Top executives of Universal Music Group are scheduled to meet with analysts in Europe and the United States this week to map out the future of the world's biggest music company.

Top executives of Universal Music Group are scheduled to meet with analysts in Europe and the United States this week to map out the future of the world's biggest music company.

Analysts said it is the first time UMG, a subsidiary of Vivendi Universal, has brought together all its senior managers since the near-collapse two years ago of the media conglomerate, whose debt swelled following an acquisition spree by former chief executive Jean-Marie Messier.

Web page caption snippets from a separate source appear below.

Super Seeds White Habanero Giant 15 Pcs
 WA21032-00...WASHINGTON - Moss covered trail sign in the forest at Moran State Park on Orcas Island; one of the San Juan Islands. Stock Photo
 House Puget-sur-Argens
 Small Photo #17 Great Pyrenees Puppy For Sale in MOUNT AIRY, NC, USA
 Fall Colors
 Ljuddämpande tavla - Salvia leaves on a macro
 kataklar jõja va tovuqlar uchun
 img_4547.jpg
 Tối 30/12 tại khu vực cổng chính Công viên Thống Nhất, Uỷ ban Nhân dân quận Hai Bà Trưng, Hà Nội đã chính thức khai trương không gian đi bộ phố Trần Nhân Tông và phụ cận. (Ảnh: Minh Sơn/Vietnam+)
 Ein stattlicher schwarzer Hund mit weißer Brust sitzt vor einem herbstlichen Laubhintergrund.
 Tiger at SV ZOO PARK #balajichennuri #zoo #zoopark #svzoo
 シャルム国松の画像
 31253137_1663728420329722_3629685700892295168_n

The meetings in London, Paris and New York -- on Tuesday, Wednesday and Thursday, respectively -- come amid ongoing speculation that Vivendi might float shares of its music business, though analysts have quashed that notion and suggested any public offering is years away.

Like its rivals in the business, UMG has taken a hatchet to its cost base and the company would do better to hold off from an IPO until the benefits start to appear, analysts said.

"You'd probably like to see the upside from the restructuring before going public," one analyst said.

A Vivendi spokesman in Paris declined to comment.

Making the rounds for UMG will be chairman/CEO Doug Morris, president/COO Zach Horowitz, chairman/CEO international Jorgen Larsen and vice chairman/CFO Nick Henry.

Universal Music, home to such artists as Eminem, Sheryl Crow and Diana Krall, is expected by analysts to discuss expectations for the industry, which could see a consolidation from five majors to four by the end of the year if Sony Music's merger with Bertelsmann's BMG gets past anti-trust regulators.

The music sector is seeking out new sources of revenue such as mobile phone ring-tones and is trying to adapt to the new model of digital song downloading in the face of rampant piracy and competing forms of entertainment such as video games.